WINNER'S SHARE $300,000

TICKETS $10

TV Golf Channel, today 5:30-7:30 p.m.; Saturday, 4-6 p.m.; Sunday, 4-6 p.m.

This year, there have been 15 LPGA events and 15 different winners.

Former Rolex World No. 1 players Lydia Ko and Stacy Lewis agree that parity has arrived on the LPGA Tour.

Ko has two victories since winning in record fashion last year at Pinnacle Country Club in Rogers.

Lewis, meanwhile, is going through her longest slump since turning professional in 2008, having not won since June 2014 at the Northwest Arkansas Championship.

"I just think the level of play has gotten dramatically better," said Lewis, 32 and a four-time All-American at the University of Arkansas, Fayetteville. "It's very hard to dominate on this Tour. Everybody is so close together. Everybody hits it far, everybody seems to putt it pretty good, and there is nothing there's that's really separating anybody."

Lewis has been the world's top player twice for a combined 25 weeks, the last time coming in October 2014 before Inbee Park took over the top spot a second time.

Yani Tseng, the only two-time winner in the Northwest Arkansas Championship, had a 109-week run at No. 1 between 2011 and 2013. In her second stint in the top spot, Ko ran off an 85-week streak from the end of 2015 until Ariya Jutanugarn took it over June 12, leaving the 20-year-old New Zealander second.

"I just don't think you're going to see kind of what Yani did a few years ago where she was the dominant No. 1," said Lewis who is currently ranked 18th.

Ko became the youngest player on either the men's or women's tour to become No. 1 at 17 years, 9 months and 8-days old in February of 2015. Now 2o, Ko said the pressure to become the top player of the world might have affected her early on, but it's nothing she concerns herself with now.

"I think there was more pressure at the start when I was first No. 1," said Ko who won last year's tournament with a 17-under 196 for a three-stroke victory over Candie Kung and Morgan Pressel. "It was actually a little bit easier in the second stretch ... but the first time I think I didn't know what to do.

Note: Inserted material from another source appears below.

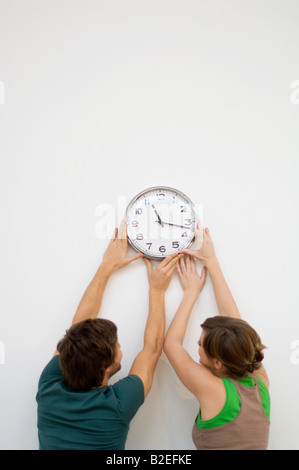 Vue arrière d'un couple en train de monter une horloge sur le mur Banque D'Images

It was like a dream-come-true moment.

"I think there was a bit more pressure then, but you start to not think about the ranking as much. The rankings, the awards, everything, those kind of come after the tournaments. So I started to not really think about it, but obviously I was proud to be in that position."

The Northwest Arkansas Championship is the sixth of 12 consecutive tournaments on the LPGA Tour. Past tournaments at Pinnacle Country Club have hosted nearly all of the top 20 players in the world, but this week only 12 of the top 20 will be teeing it up with the Women's PGA Championship looming next week in Olympia Fields, Ill.

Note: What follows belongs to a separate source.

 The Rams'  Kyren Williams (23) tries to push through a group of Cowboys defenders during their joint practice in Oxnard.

Lewis finished tied for 22nd in last week's Meijer Classic in Michigan after taking the Manulife Classic in Ontario, Canada, the week before.

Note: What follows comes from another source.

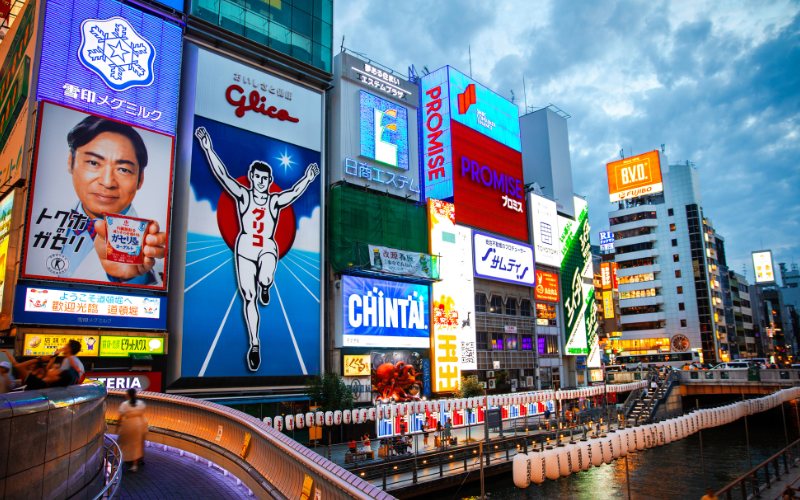 Insegne luminose a Dotonbori, Osaka: il famoso Glico Man e la zona dello shopping serale in Giappone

"I really think having the major next week, it does play into the field a little bit," Lewis said of missing some of this week's top players including Jutanugarn who won the Manulife. "Certain players like this golf course, certain players don't. You get some of that. I think it's a product of our schedule. Having more events is a great thing, but it affects your quality of the field."

Ko was tied for 10th in Michigan after taking the previous three weeks off.

"It was definitely nice to come back and play last week and have a pretty solid finish, so I think I'm coming in with some sort of good momentum. I know there's things for me to work on and get better at, but there's a lot of positives," Ko said. "This is is a great golf course. I think this course, you're not hitting drives off every tee and that's why sometimes you can be a bit more aggressive hitting as far as you can and giving yourself a shorter shot, or laying back and playing more in the smart, conservative way.

"Even if you're not so long off the tee, you can still create these opportunities by putting it in the right places. I think that's why you can see in the past it's not really suited for one type of player and I think that's great."